Friday, December 12, 2025

Q&A with Danielle Bainbridge


Danielle Bainbridge is the author of the new book Dandelion: A Memoir in Essays. She also has written the book Currencies of Cruelty. She is Assistant Professor of Theatre, Black Studies, and Performance Studies at Northwestern University, and she lives in Chicago. 

 

Q: What inspired you to write Dandelion?

 

A: I initially set out to write just one essay (“The Hospital: The Spit in My Mouth Heals the Wounds on My Tongue”) about one particular hospitalization experience.

 

Once that got published I realized I had more to say about race and mental health and how Black women navigate these complex realities. So I wrote another essay… and another one … and then soon I had a series of short essays that I wasn’t sure what to do with.

 

Then I began thinking of them as a collection and the rest is history. So I guess the first essay inspired me to finish the collection. 

 

Q: The author Myriam Gurba said of the book, “Deftly reconstructs, in spare yet elegant prose, the beauty, pleasure, and horror of Black remembrance and Black forgetting...” What do you think of that assessment?

 

A: I think it’s interesting because so much of memoir is about what we remember and what we chose to withhold or forget. I was talking to my spouse the other day about how even with everything I’ve written in the book I still have so much more that could have been said.

 

I think that’s why I love essays so much. They force you to distill your thinking down to the most essential information and you can challenge and shift form and structure in interesting ways.

 

I was really touched that Myriam Gurba chose my book to win the Uplift Voices Award from Jaded Ibis Press and I cherish her assessment of the book. It gave me even more to think about!

 

Q: How was the book’s title chosen, and what does it signify for you?

 

A: So the book’s title comes from my family’s childhood nickname for me. Some members of my family still call me that actually, which I find sweet and endearing.

 

I think the title was meant to draw on the duality of the dandelion: that it’s something that is both a stubborn weed and a beautiful flower. As I was reflecting on the various stages of my life I felt that metaphor applied to me and my story so I chose the name based on that. 

 

Q: What impact did it have on you to write the book, and what do you hope readers take away from it?

 

A: Writing the book had a profound impact on how I relate to my mental health journey and to myself. I feel like it was one of the first times I gave myself permission to speak so freely and openly about the challenges I’ve faced in my life.

 

It honestly felt liberating to put it down on paper and publish it. It also felt (at times) terrifying because I kept realizing people would read it and engage with it and share it.

 

I hope that my readers are able to see themselves or someone they love in the pages of this book. I hope it gives them a greater sense of empathy and understanding for mental illness. And I hope it starts necessary conversations within their own community about the issues raised in the book.

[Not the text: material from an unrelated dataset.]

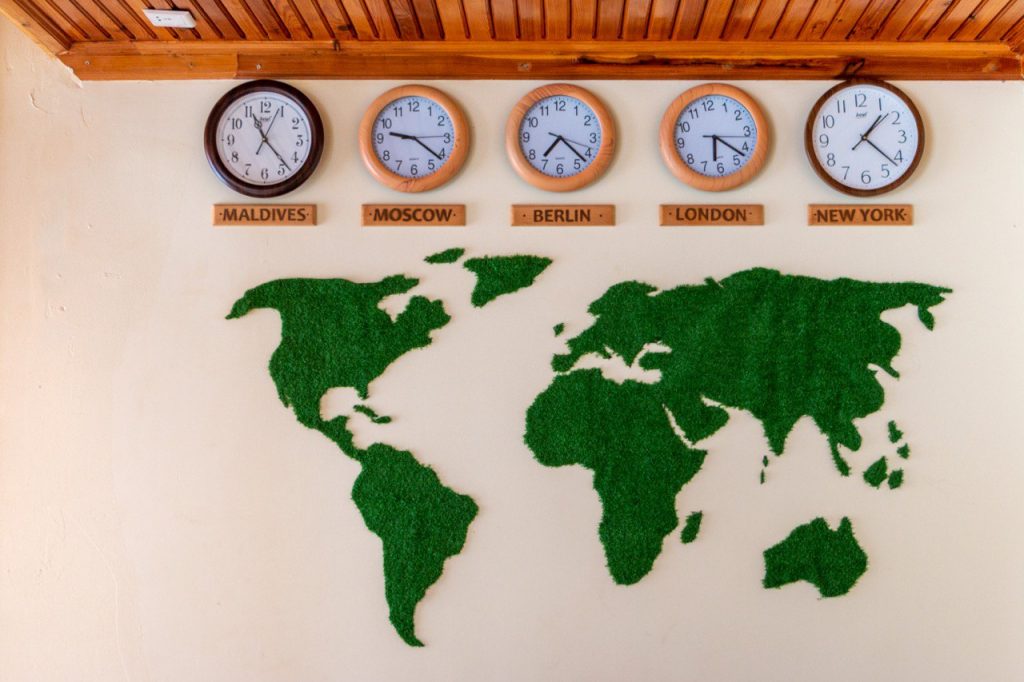 IMG_20211214_190114_672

I really want this work to travel to the people who need it most. 

 

Q: What are you working on now?

 

A: Right now I’m working on something totally different. I’m writing a novel called The Mondegreens about an improv comedy camp and cult run by a mysterious older Black woman named Sweet Mother Divine in upstate New York.

 

The protagonist, Sidra, is a young black woman who is tasked with a “mission of faith” to kill The Host--Sweet Mother Divine’s rival and a late night television host. But she has to determine if she wants to complete her mission or leave behind the camp for a life in late-night TV.

 

After working on so many heavy topics for so long I really wanted to do something that would be playful and funny, while also tackling some big questions about power, abuses of power, and human nature. It’s been a lot of fun jumping into fiction for my next project. 

 

Q: Anything else we should know?

 

A: Not at this time but thank you for the interview!